Yet, despite all these facts and the overwhelming evidence which has been collected on the dire results which follow in the wake of overcrowding and insanitary dwellings, we find a prominent magistrate in one of our great industrial cities publicly expressing himself as follows at municipal banquet: “The Town Council sometimes attempted too much. For instance, they had been far too anxious to get quit of the slums. Now slums, in his opinion, were one of the necessities of all large towns, and it was impossible in the present state of civilisation to dispense with slums unless they could take the people living in them, who were not fit to live anywhere else, and drown them wholesale, as would have been done in the time of the French Revolution."

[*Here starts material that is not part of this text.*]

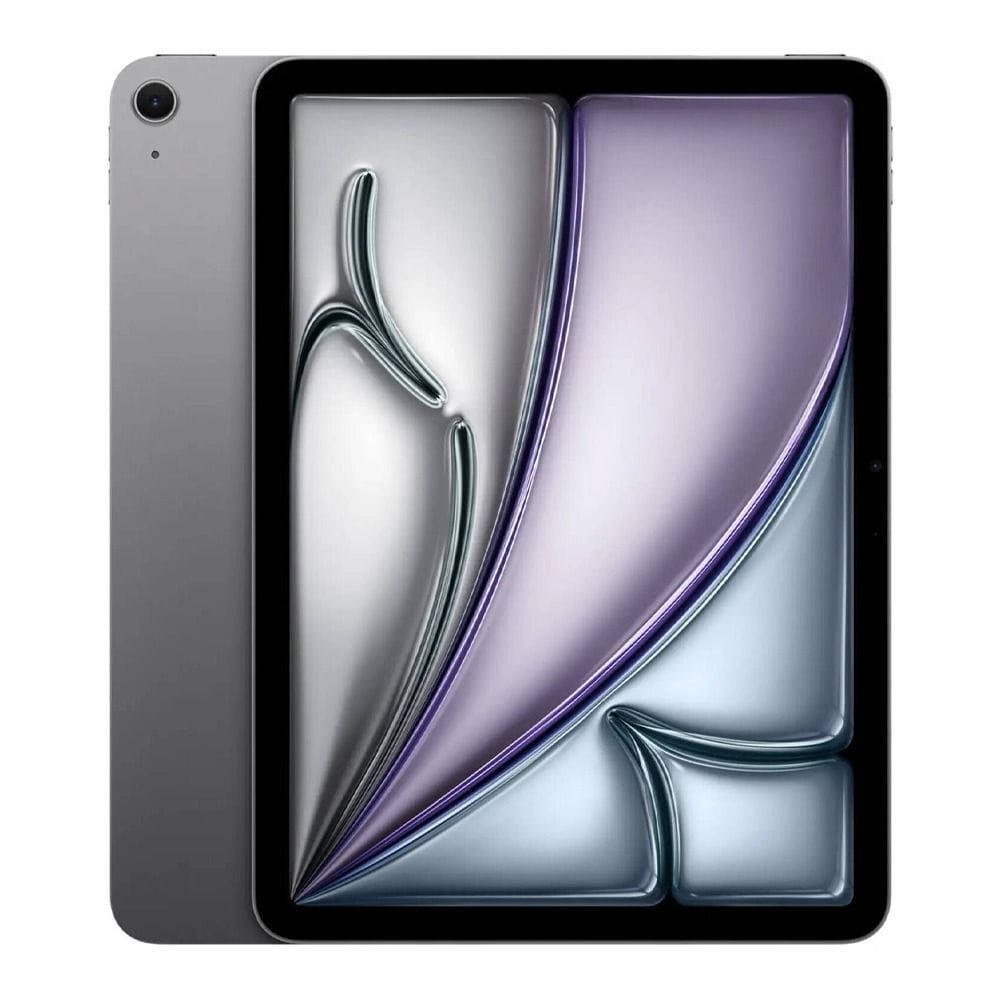 Apple iPad Air 13-inch Tablet, M4 Chip, Wi-Fi, 1TB Storage, Liquid Retina Display, Apple Intelligence, Touch ID | Space Grey - MH634AB/A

We have seen how bacteria may be distributed by dust, how they may linger in crowded tenements and badly ventilated buildings, that insanitary surroundings provide, in fact, for the scientist a well-stocked bacterial covert, where he may with ease bag his thousands of germs of various descriptions. The fact already referred to, that the bacteria of consumption may be released in the sputum of phthisical persons, has

perhaps already suggested the possibility of other bacteria being likewise discharged into the surrounding air, but it is no doubt difficult to realise that the utterance of even a few words may liberate a variety of bacteria, the mischievous or harmless character of which depends upon the condition of the speaker's health. But even the health of a speaker if satisfactory is not necessarily a safeguard against his dissemination of disease germs, for it is well known that the mouth secretions of healthy people may frequently contain the staphylococcus pyogenes aureus, and also, though less frequently, the diplococcus lanceolatus, both virulent microbes; whilst that diphtheria bacilli may be present in the mouths of people who are not suffering from the disease has been demonstrated repeatedly. What a capacity, then, for spreading evil does the public orator possess ! It makes one tremble to think of the aërial condition of the House of Commons when a big debate is on, for it has been found that the sharper the enunciation of the consonants, and the louder the voice, the larger is the number of organisms discharged and the farther they reach!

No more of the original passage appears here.